At the moment, the vast majority of these laws require that the defendant knows his or her status at the time of the sexual encounter. A couple of states (Indiana and North Carolina) require notification of previous sexual partners after testing HIV positive, but we are unaware of anyone who has been criminally prosecuted for failing to do so.

What should I do if I believe that someone is accusing me of not disclosing my HIV-positive status prior to a sexual encounter?

Don’t engage in any further conversations with the person about the alleged nondisclosure—not even to explain or to apologize or to try to convince them not to move forward with their complaint. Don’t talk to the police, no matter how much they try to convince you that it is in your best interest and that they are only trying to help you out of a jam. Don’t talk to anyone who is not subject to attorney-client privilege, because anyone with whom you talk about this could be called as a witness against you. Do find yourself a criminal defense attorney, preferably someone local who can handle your case if charges are filed. If you can’t afford an attorney or find one willing to work for free or at a reduced rate, refuse to talk to the police until a public defender is provided. Also contact Lambda Legal’s Help Desk, as we may be able to provide assistance in locating an attorney and advising that attorney on the unique challenges of defending charges under one of these laws.

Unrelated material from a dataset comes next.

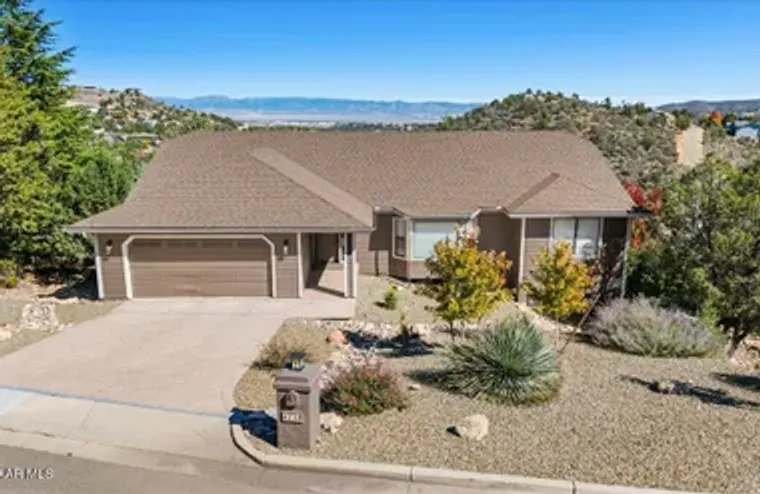 4718 BUDSAGE CT, PRESCOTT, AZ, 86301, Prescott, AZ 86301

What can I do if I suspect I have been exposed to HIV by a person who did not tell me about his or her HIV status?

If you engaged in an activity involving a substantial risk of transmission (i.e., something riskier than oral sex or sex with a condom), you are not already on PrEP and it is within 72 hours of the potential exposure, you may want to see about obtaining post-exposure prophylaxis (PEP) medication from your doctor or another healthcare provider.

You may want to learn, however, whether your HIV-positive sexual partner is taking medications and has a suppressed viral load. According to medical researchers, if that person does have a suppressed viral load—which is defined as 200 copies or less of the virus per milliliter of blood—then there is very little risk of transmission.  If you learn the person has a suppressed viral load, you should advise any health care provider you see of this fact, because it may affect whether the provider recommends PEP.

Lambda Legal also suggests people consider their own choices and responsibility for maintaining sexual health in light of their personal tolerance for risk. If you are planning an activity that you would not engage in with someone you knew to be HIV positive, then you may want to reconsider whether you should engage in that activity with anyone.

In terms of sexual transmission, the only people who one can know for sure are HIV negative are those who became celibate, tested negative a month later and have remained celibate ever since. That means whenever you have sex with someone you think is HIV negative, using whatever precautions you choose, you may be placing yourself at the same degree of risk as you would by having sex using those same precautions with an HIV-positive person. In fact, it is possible that the risk may actually be higher with someone you believe is HIV negative: newly infected people are significantly more infectious, and many people living with HIV are on medications that render them essentially non-infectious.